• _Work to be completed_: Between the line containing "Novus Biologicals&trade;&nbsp;PERP Overexpression" and the line containing "Recombinant human CENPC1 SDS-PAGE" lies a run of lines; give that run again exactly, with both of those lines, and nothing else from the entries below.

Dataset records:
▬▬▬

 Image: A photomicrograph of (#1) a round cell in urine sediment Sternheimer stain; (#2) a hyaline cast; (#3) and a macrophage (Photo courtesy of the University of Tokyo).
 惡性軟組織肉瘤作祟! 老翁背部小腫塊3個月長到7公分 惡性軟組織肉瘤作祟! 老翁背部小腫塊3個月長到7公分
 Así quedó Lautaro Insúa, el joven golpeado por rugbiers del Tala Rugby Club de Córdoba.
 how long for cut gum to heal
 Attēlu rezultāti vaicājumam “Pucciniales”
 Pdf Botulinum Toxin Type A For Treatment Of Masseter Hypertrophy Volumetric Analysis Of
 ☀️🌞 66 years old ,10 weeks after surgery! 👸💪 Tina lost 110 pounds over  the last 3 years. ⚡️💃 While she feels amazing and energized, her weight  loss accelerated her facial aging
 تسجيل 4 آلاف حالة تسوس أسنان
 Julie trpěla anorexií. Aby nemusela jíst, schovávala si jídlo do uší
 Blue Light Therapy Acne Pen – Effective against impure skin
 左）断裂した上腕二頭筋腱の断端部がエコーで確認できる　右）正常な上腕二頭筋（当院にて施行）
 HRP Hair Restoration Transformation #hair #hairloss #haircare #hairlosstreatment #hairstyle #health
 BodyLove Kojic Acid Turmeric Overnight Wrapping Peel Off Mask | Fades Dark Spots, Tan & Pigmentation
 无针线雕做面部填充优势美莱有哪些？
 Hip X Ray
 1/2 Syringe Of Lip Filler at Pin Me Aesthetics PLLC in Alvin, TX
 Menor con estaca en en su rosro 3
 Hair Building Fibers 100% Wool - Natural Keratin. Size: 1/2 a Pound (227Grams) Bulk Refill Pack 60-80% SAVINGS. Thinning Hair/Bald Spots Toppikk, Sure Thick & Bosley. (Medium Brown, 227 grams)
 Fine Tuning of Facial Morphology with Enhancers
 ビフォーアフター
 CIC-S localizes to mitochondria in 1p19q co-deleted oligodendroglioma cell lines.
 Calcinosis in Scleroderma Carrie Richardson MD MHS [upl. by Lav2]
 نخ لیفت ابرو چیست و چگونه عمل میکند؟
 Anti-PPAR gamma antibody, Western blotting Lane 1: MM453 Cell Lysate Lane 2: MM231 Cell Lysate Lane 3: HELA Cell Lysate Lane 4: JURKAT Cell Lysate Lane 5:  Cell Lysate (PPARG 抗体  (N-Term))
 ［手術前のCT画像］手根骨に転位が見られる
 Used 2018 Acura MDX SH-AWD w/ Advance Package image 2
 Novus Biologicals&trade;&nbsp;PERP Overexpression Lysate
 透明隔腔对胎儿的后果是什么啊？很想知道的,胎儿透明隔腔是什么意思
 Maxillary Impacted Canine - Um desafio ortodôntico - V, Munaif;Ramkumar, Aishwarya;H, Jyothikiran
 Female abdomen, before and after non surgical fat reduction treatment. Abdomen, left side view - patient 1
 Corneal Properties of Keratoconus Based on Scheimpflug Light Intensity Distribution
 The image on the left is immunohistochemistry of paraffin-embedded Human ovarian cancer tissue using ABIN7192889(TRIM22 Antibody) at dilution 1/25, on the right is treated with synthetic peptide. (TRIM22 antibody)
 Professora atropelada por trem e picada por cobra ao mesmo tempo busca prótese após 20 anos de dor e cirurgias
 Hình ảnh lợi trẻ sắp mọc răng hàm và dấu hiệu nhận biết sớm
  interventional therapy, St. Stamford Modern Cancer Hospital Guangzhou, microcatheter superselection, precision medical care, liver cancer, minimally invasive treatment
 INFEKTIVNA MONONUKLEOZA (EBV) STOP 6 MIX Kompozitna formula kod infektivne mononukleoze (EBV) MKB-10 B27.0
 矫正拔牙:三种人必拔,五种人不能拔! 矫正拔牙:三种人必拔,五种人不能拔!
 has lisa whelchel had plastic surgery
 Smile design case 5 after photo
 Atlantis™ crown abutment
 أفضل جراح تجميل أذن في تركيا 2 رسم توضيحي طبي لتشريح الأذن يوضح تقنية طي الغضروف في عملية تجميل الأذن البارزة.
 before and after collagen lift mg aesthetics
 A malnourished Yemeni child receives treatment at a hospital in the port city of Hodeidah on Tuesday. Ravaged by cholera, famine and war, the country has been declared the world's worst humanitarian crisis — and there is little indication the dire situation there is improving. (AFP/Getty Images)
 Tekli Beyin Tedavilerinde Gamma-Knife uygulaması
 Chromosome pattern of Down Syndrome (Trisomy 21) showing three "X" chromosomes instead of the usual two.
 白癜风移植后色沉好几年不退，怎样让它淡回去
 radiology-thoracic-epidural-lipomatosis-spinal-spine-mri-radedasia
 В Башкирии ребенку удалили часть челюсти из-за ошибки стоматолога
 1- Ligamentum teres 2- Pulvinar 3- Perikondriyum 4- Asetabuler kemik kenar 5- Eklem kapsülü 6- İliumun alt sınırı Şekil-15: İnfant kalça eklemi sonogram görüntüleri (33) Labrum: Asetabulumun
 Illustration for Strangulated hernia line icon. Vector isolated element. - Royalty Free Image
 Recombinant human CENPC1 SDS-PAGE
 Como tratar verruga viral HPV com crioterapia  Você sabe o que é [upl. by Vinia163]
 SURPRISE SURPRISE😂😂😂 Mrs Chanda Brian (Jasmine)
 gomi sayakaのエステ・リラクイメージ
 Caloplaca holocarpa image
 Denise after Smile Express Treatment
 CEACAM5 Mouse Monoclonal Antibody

▬▬▬

• _Your response_:
 Novus Biologicals&trade;&nbsp;PERP Overexpression Lysate
 透明隔腔对胎儿的后果是什么啊？很想知道的,胎儿透明隔腔是什么意思
 Maxillary Impacted Canine - Um desafio ortodôntico - V, Munaif;Ramkumar, Aishwarya;H, Jyothikiran
 Female abdomen, before and after non surgical fat reduction treatment. Abdomen, left side view - patient 1
 Corneal Properties of Keratoconus Based on Scheimpflug Light Intensity Distribution
 The image on the left is immunohistochemistry of paraffin-embedded Human ovarian cancer tissue using ABIN7192889(TRIM22 Antibody) at dilution 1/25, on the right is treated with synthetic peptide. (TRIM22 antibody)
 Professora atropelada por trem e picada por cobra ao mesmo tempo busca prótese após 20 anos de dor e cirurgias
 Hình ảnh lợi trẻ sắp mọc răng hàm và dấu hiệu nhận biết sớm
  interventional therapy, St. Stamford Modern Cancer Hospital Guangzhou, microcatheter superselection, precision medical care, liver cancer, minimally invasive treatment
 INFEKTIVNA MONONUKLEOZA (EBV) STOP 6 MIX Kompozitna formula kod infektivne mononukleoze (EBV) MKB-10 B27.0
 矫正拔牙:三种人必拔,五种人不能拔! 矫正拔牙:三种人必拔,五种人不能拔!
 has lisa whelchel had plastic surgery
 Smile design case 5 after photo
 Atlantis™ crown abutment
 أفضل جراح تجميل أذن في تركيا 2 رسم توضيحي طبي لتشريح الأذن يوضح تقنية طي الغضروف في عملية تجميل الأذن البارزة.
 before and after collagen lift mg aesthetics
 A malnourished Yemeni child receives treatment at a hospital in the port city of Hodeidah on Tuesday. Ravaged by cholera, famine and war, the country has been declared the world's worst humanitarian crisis — and there is little indication the dire situation there is improving. (AFP/Getty Images)
 Tekli Beyin Tedavilerinde Gamma-Knife uygulaması
 Chromosome pattern of Down Syndrome (Trisomy 21) showing three "X" chromosomes instead of the usual two.
 白癜风移植后色沉好几年不退，怎样让它淡回去
 radiology-thoracic-epidural-lipomatosis-spinal-spine-mri-radedasia
 В Башкирии ребенку удалили часть челюсти из-за ошибки стоматолога
 1- Ligamentum teres 2- Pulvinar 3- Perikondriyum 4- Asetabuler kemik kenar 5- Eklem kapsülü 6- İliumun alt sınırı Şekil-15: İnfant kalça eklemi sonogram görüntüleri (33) Labrum: Asetabulumun
 Illustration for Strangulated hernia line icon. Vector isolated element. - Royalty Free Image
 Recombinant human CENPC1 SDS-PAGE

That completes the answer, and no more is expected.